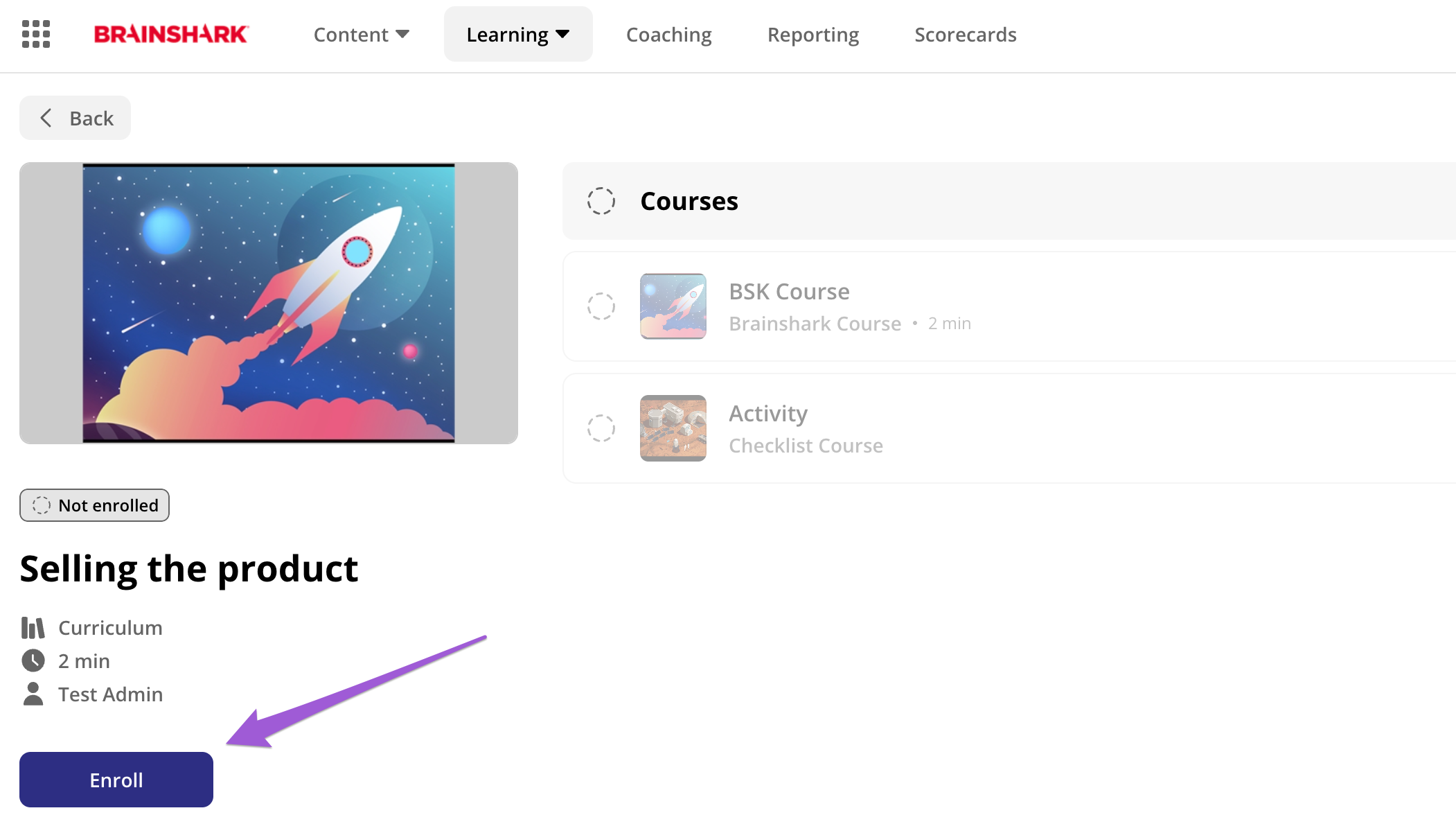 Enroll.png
---
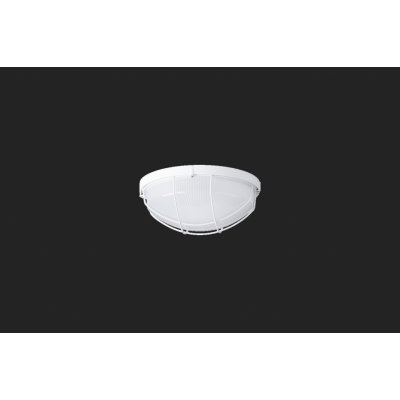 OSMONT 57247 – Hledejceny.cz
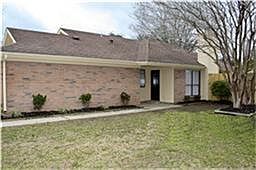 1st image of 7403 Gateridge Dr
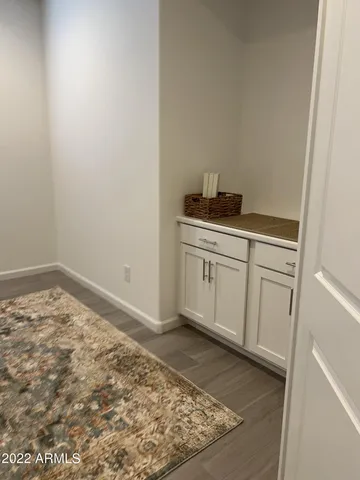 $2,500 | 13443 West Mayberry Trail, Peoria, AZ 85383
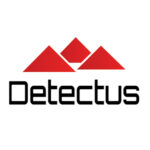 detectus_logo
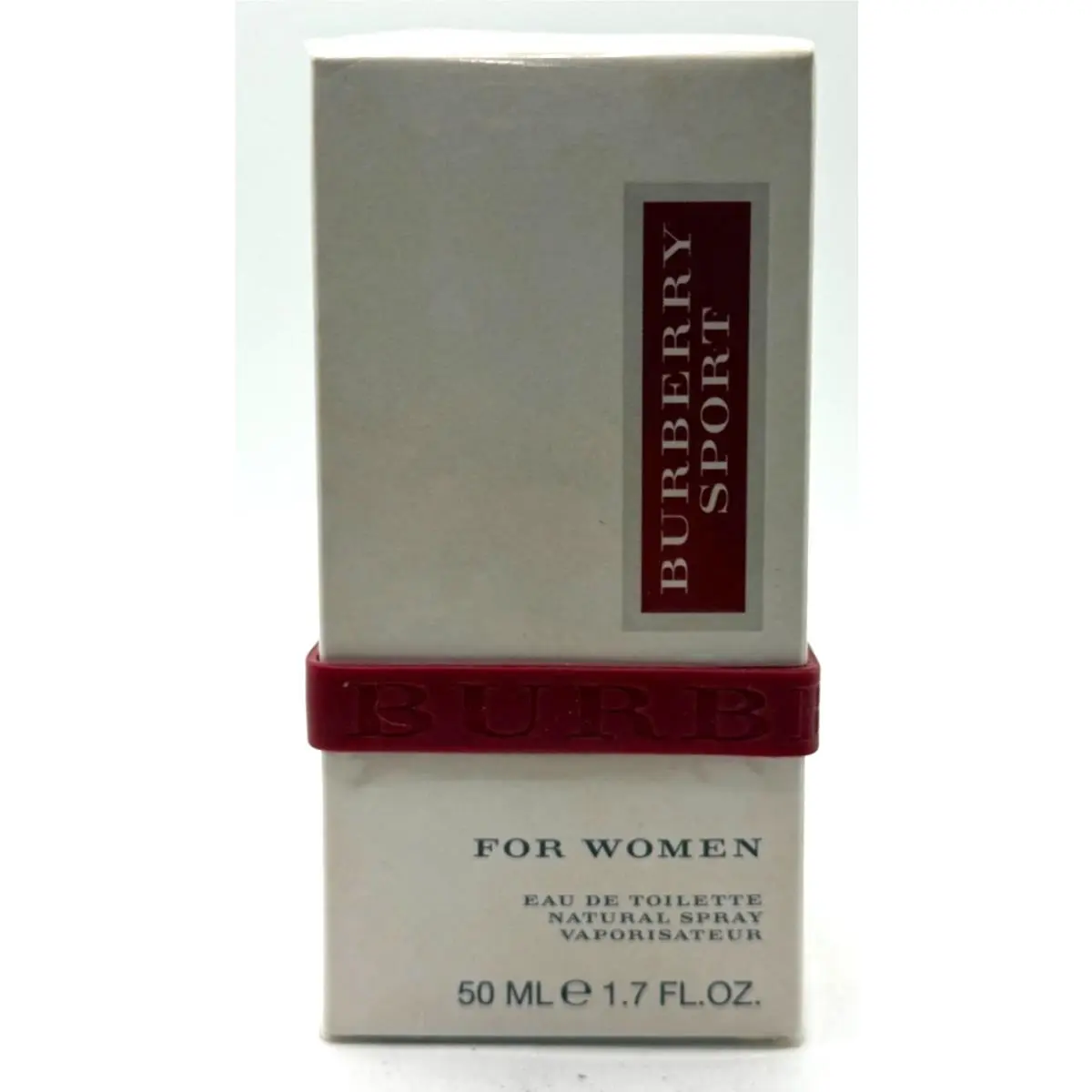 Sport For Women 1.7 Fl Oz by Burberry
---
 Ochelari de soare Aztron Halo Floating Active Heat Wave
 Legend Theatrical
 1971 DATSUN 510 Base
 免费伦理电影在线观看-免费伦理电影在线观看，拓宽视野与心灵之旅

» **Directions**:
Going by the entries above, repeat exactly the lines that start at the line with "Peoria, AZ 85383" and go on through the line with "Sport For Women 1.7 Fl Oz by Burberry". Pictures are not part of the copy.

» **The completed task**:
 $2,500 | 13443 West Mayberry Trail, Peoria, AZ 85383
 detectus_logo
 Sport For Women 1.7 Fl Oz by Burberry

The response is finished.